■ **WHAT IS BEING ASKED**:
Only one portion of the data is to be written out: from the line bearing "Thanksgiving Personalised sweatshirt, thanksgiver" through the line bearing "Lake Reflections Bath Mat". Write it exactly as it appears.

■ **DATA PROVIDED**:
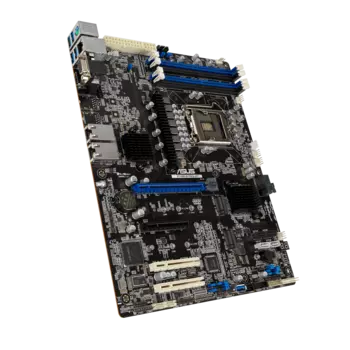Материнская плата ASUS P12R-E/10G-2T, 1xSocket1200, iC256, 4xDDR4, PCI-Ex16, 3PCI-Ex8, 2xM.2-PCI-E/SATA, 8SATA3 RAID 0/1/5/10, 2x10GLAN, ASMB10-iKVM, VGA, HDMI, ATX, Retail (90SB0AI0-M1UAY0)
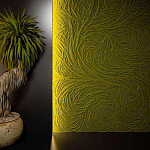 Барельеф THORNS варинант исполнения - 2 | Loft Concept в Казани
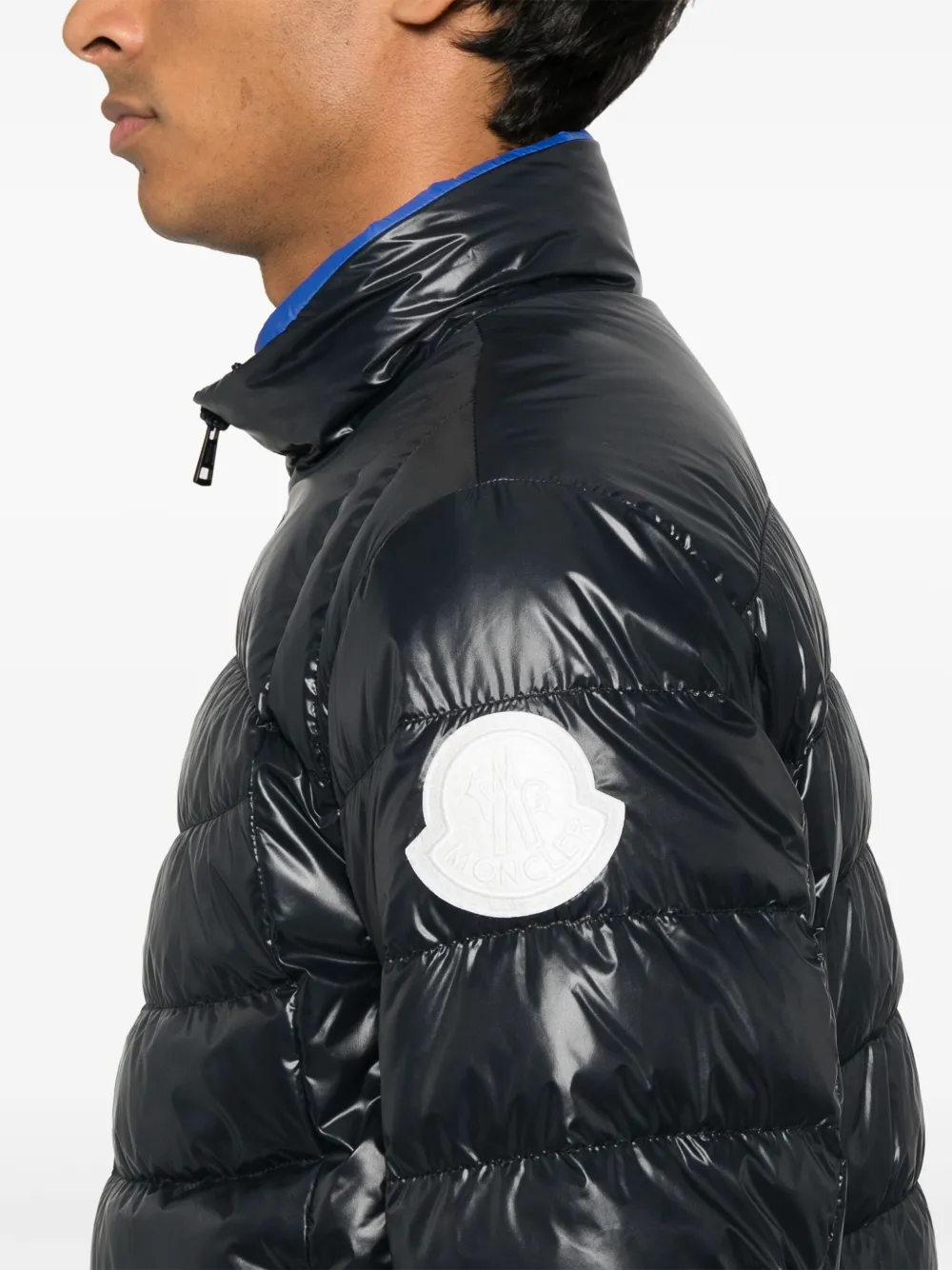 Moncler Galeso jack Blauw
...
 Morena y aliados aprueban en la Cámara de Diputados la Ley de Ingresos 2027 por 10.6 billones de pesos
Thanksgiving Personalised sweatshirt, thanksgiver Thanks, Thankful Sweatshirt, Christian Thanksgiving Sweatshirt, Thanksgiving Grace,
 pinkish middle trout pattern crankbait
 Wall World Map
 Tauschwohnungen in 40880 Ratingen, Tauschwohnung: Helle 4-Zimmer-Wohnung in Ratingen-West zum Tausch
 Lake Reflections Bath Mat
--
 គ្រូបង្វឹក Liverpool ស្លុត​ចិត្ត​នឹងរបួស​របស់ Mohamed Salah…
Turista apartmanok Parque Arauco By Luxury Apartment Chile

■ **RESULT OF THIS EXERCISE**:
Thanksgiving Personalised sweatshirt, thanksgiver Thanks, Thankful Sweatshirt, Christian Thanksgiving Sweatshirt, Thanksgiving Grace,
 pinkish middle trout pattern crankbait
 Wall World Map
 Tauschwohnungen in 40880 Ratingen, Tauschwohnung: Helle 4-Zimmer-Wohnung in Ratingen-West zum Tausch
 Lake Reflections Bath Mat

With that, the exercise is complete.